Energy-centric "biophysical economics" is the latest in the series of inter-disciplinary invasions of the narrowly defined field of economics in the past few decades. Putting a doomsday spin to the "dismal science", they contradict the conventional wisdom of constant long-term economic growth, and argue that the diminishing supply of world's energy resources raises serious concerns about the "limits to growth" and the future of mankind.
Their arguement revolves around an "understanding that the survival of all living creatures is limited by the concept of energy return on investment (EROI) - that any living thing or living societies can survive only so long as they are capable of getting more net energy from any activity than they expend during the performance of that activity". This understanding is to be read with the Second Law of Thermodynamics, which postulates that all energy systems have a tendency to increase their entropy (or the state of disorder) rather than decrease it.
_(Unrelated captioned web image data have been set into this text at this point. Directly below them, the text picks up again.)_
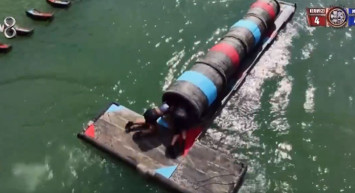 Survivor'da olay yaratan görüntüler: İki yarışmacı üst üste binince...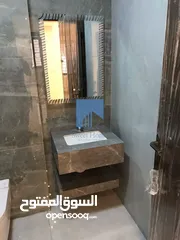  4 شقة فاخرة للبيع في خلدا  - خلف بردايس وقرب العصرية 200م مع ترسات 200م لم تسكن بسعر مغري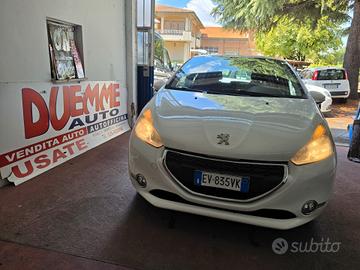 Peugeot 208 1.4 VTi 95 CV 5p GPL Allure rate dea 9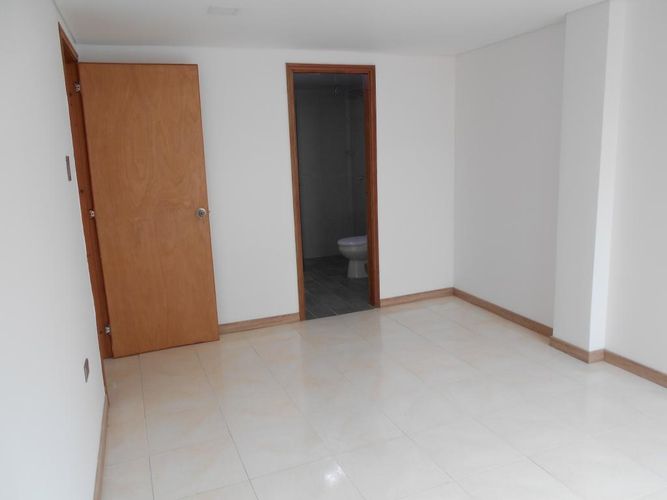 Apartamento de 3 alcobas en venta en Galerias, Bogotá, 103 m² · foto 18 de 24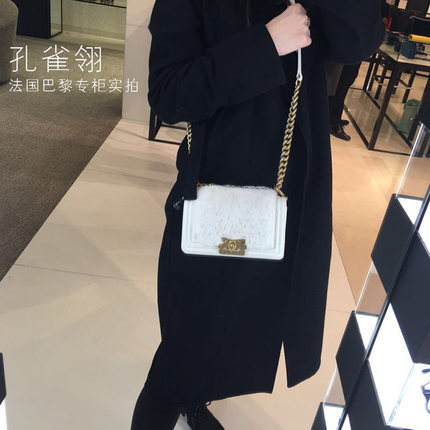 Chanel/香奈儿chanel女包15新款小号白色毛皮覆盖链条口盖单肩包 Chanel/香奈儿chanel女包15新款小号白色毛皮覆盖链条口盖单肩包
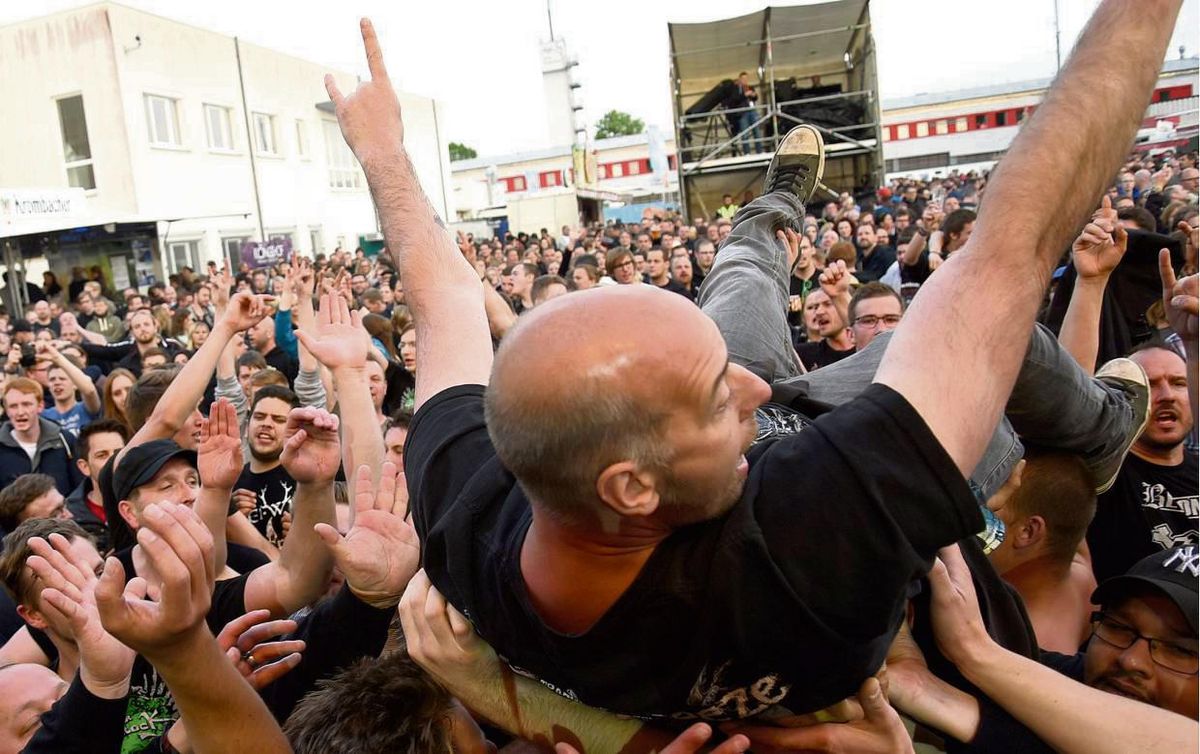 Schon 2016 gab es ein Festival am heimischen Airport – damals allerdings für Rock-Fans. Archivfoto: Tuschen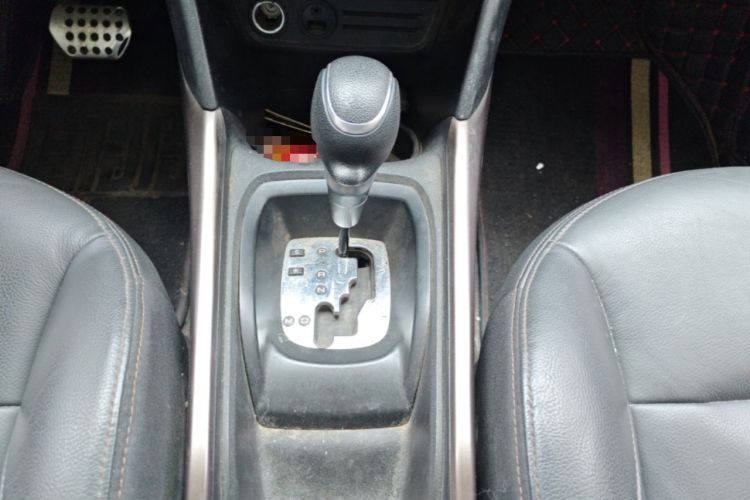 Used Peugeot 2008 2014 1.6L Automatic Navigation Edition Gear Lever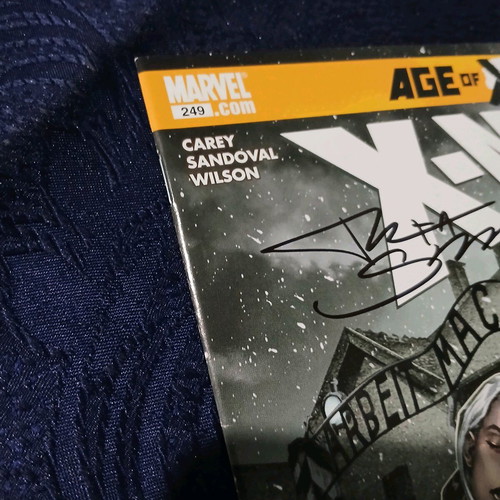 X-men Legacy #249 like new with Rafa Sandoval signature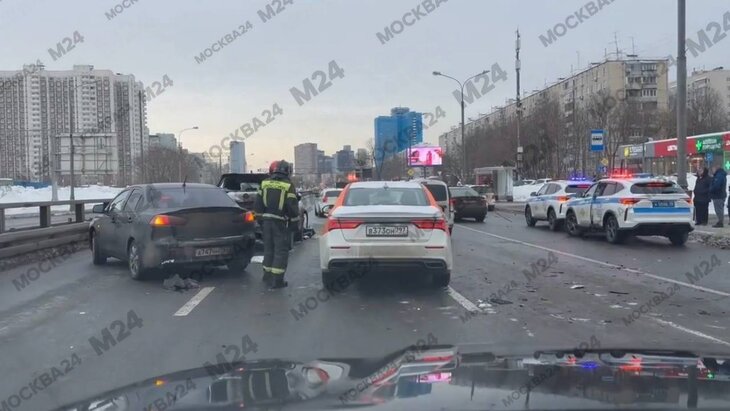 �������� Lexus �������� 14 ����� �� ����������� �����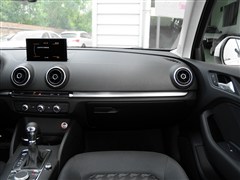 2014�� Limousine 35 TFSI �Զ�ʱ����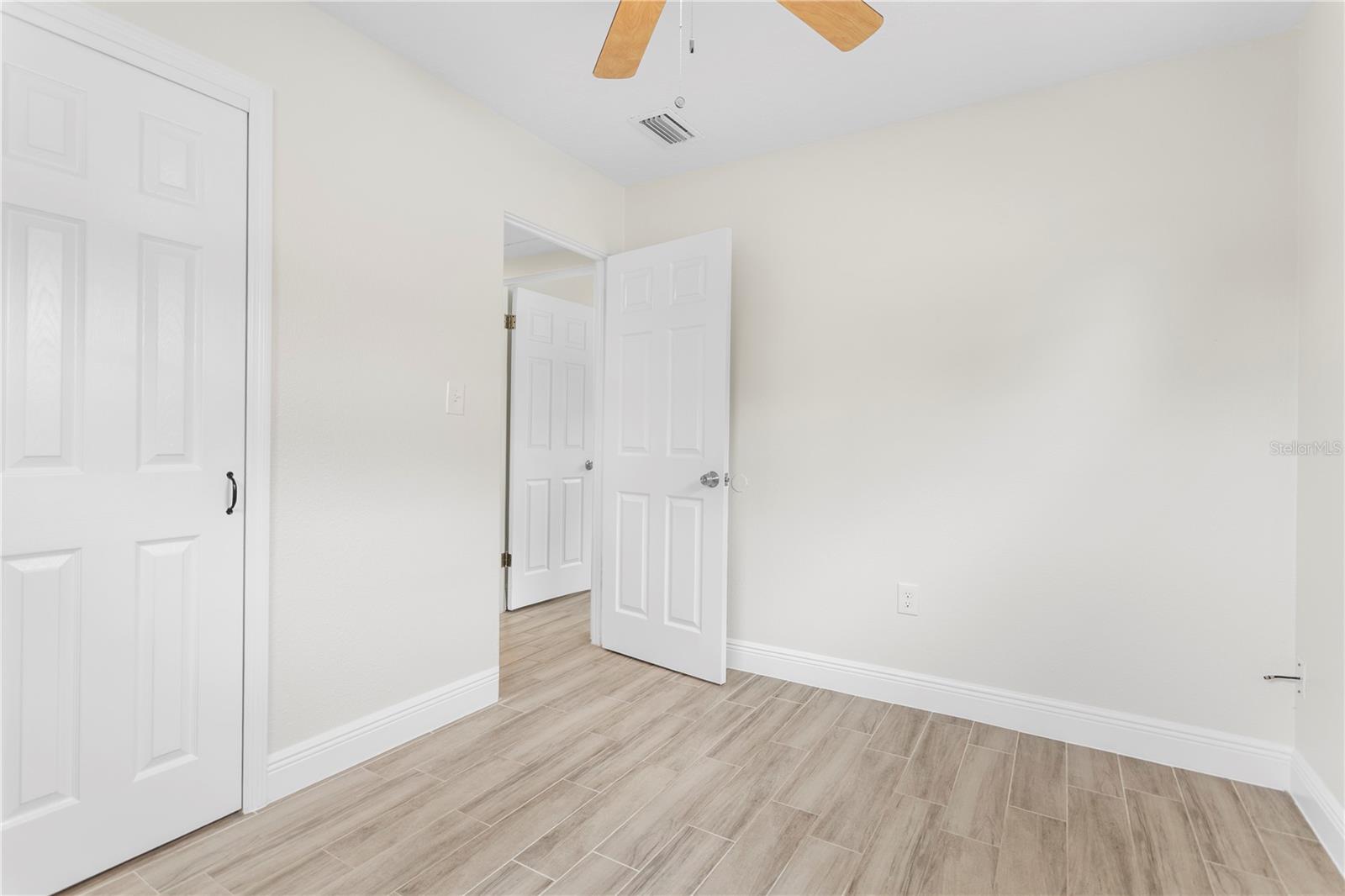 909 Ursula St Property Photo 22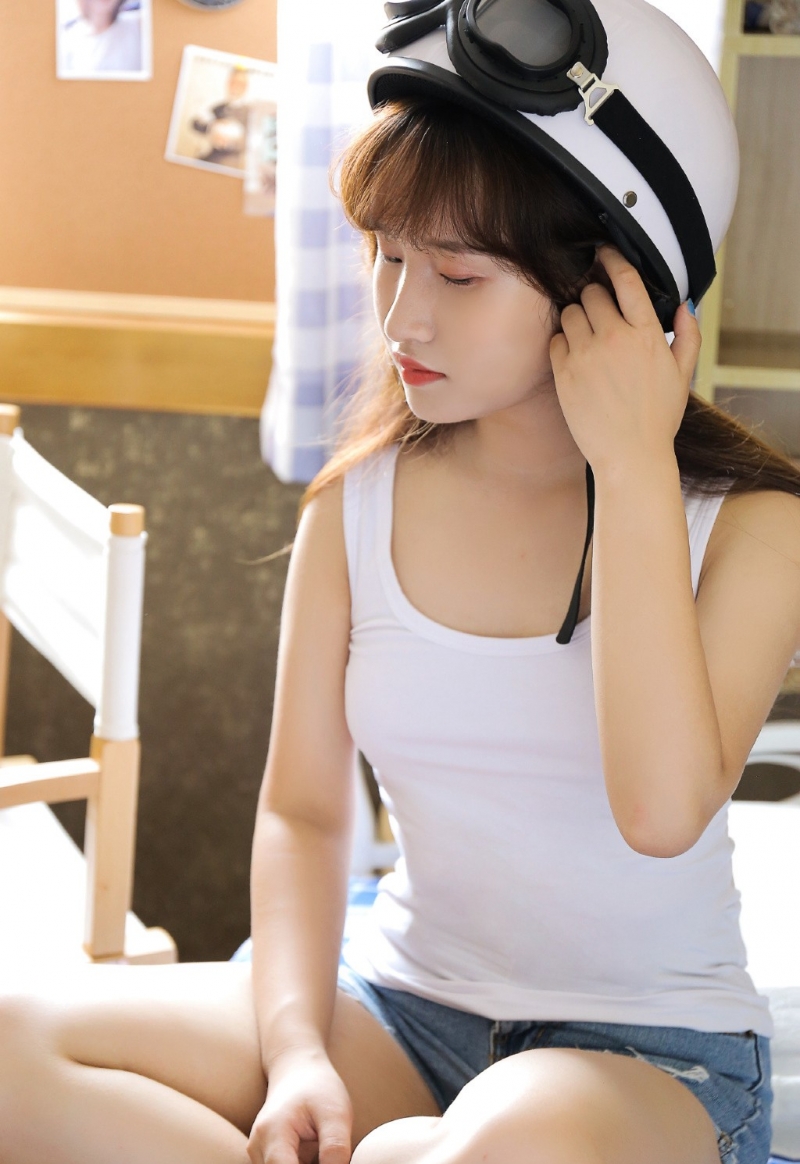 邻家女孩背心短裤室内个人写真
The most obvious battle-ground for the two is the debate about global energy reserves. While conventional economic theories see no limits to the availability of energy resources, and claim that at an appropriate market price (equal to the marginal cost of production) supply will always meet the demand. In contrast, echoing peak-oil (or peak-coal and peak-gas) hypothesis, bio-physical economists analyze historical production data, and claim that petroleum sector's EROI in the US has steadily declined from about 100-to-1 in 1930 (meaning one had to burn approximately 1 barrel of oil's worth of energy to get 100 barrels out of the ground) to less than 36-1 by the 1990s and further down to 19-to-1 by 2006.